By the time Christopher Jackson punched that inmate inside the Lorain County Jail on December 29, 2024, the department had every warning it needed. They had already gone through Fry’s paralysis case. They had already been publicly embarrassed. They had already promised reforms. You would think the lesson would have sunk in.

But what the Jackson case revealed was something worse than a single act of excessive force. It exposed a system that would rather reverse discipline than admit wrongdoing. A system that will bend over backwards to reinterpret video, reinterpret policy, reinterpret facts if that’s what it takes to shield an employee from consequences. And a system so tightly bound to its labor contracts that the end result looks less like accountability and more like ritualized protection.

The facts were simple. The inmate threw bodily fluids at Jackson. Disgusting, outrageous, and absolutely infuriating — no one disputes that. But jailers deal with hostile inmates every single day. Policy exists specifically because anger is expected. Professionalism is required. Discipline is mandatory. And Jackson didn’t follow any of it. He waited, re-entered the cell, and threw a punch. That moment, captured clearly on surveillance, was enough for the Sheriff’s Office to terminate him in April 2025. It took five months from the incident to termination, because even when the video is undeniable, discipline moves at the speed of cold molasses in Lorain County.

But here’s the part that still infuriates me: Jackson got his job back. Reinstated. Returned to duty. And not only reinstated — paid back pay. Paid taxpayer dollars for the time he wasn’t working because of his own misconduct.

Why?


Because the union contract made termination nearly impossible unless the department could prove that Jackson’s punch wasn’t a spontaneous reaction to being assaulted. They needed airtight evidence of intent, of planning, of a choice made with a calm mind. It didn’t matter that he left the cell. It didn’t matter that he came back. It didn’t matter that there was a pause, a moment to walk away, a moment when every part of his training told him to de-escalate. The arbitrator framed it as a “heat of passion” response to being attacked.

And just like that, the punch became defensible. The termination evaporated. Jackson came back.

Jackson’s case shows how the system treats jail violence: not as a crisis, not as a danger to community trust, but as a contractual puzzle where the end goal is never reform, just compliance with technicalities. The dropped criminal charges were even more insulting. Everything was caught on video, but prosecutors weakened themselves into a corner and walked away from charges they could have pursued. If the county had fought for accountability with even half the determination they fight to withhold public records, Jackson would not have returned.

Instead, they sided with “the process” over the truth. They used the contract as a shield, not a standard. And they made clear that the consequences of misconduct depend more on what an arbitrator thinks than what the public sees with their own eyes.

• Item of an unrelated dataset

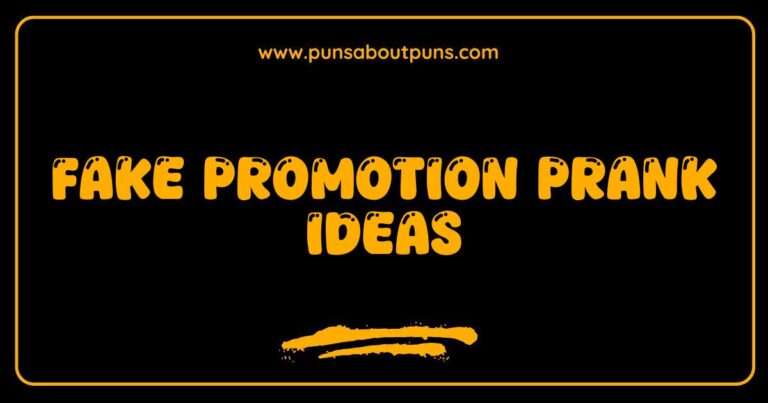 Best Fake Promotion Pranks Hilarious Office Pranks and Prank Ideas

This is the environment that allowed the Coonrod situation to develop unchecked. This is what set the stage for a culture that acts shocked only after the body count rises.


LEGAL SIDEBAR: HOW THE SHERIFF’S OFFICE BLEW THE JACKSON CASE AND WHY THE UNION CONTRACT BROUGHT HIM RIGHT BACK

The Jackson case is the perfect example of what happens when a sheriff’s office tries to clean up a mess after it has already hardened into a legal problem. Everyone saw the video. Everyone agreed the punch was unnecessary. Everyone agreed the reaction was excessive. But none of that matters when the department fails to follow the specific disciplinary steps required by the collective bargaining agreement that governs jail staff. Once they missed those steps, Jackson’s job became legally protected no matter how bad the conduct looked.

The department made a series of procedural mistakes from the very beginning. They treated the incident like something they could discipline on instinct instead of following the precise series of notices, documentation steps, supervisory interviews, and rule citations required under the contract. The contract is rigid. It was negotiated to protect employees from political firings and emotional reactions by administrators. It demands that before any significant discipline can be imposed, the employee must receive written notice of the allegation, an opportunity to respond, a Loudermill-style hearing on the record, and proper classification of the alleged offense under the internal grid. The sheriff’s office skipped key parts of that sequence. It sounds technical, but in labor law these technicalities are everything. If you don’t follow the process, an arbitrator will reverse you every single time.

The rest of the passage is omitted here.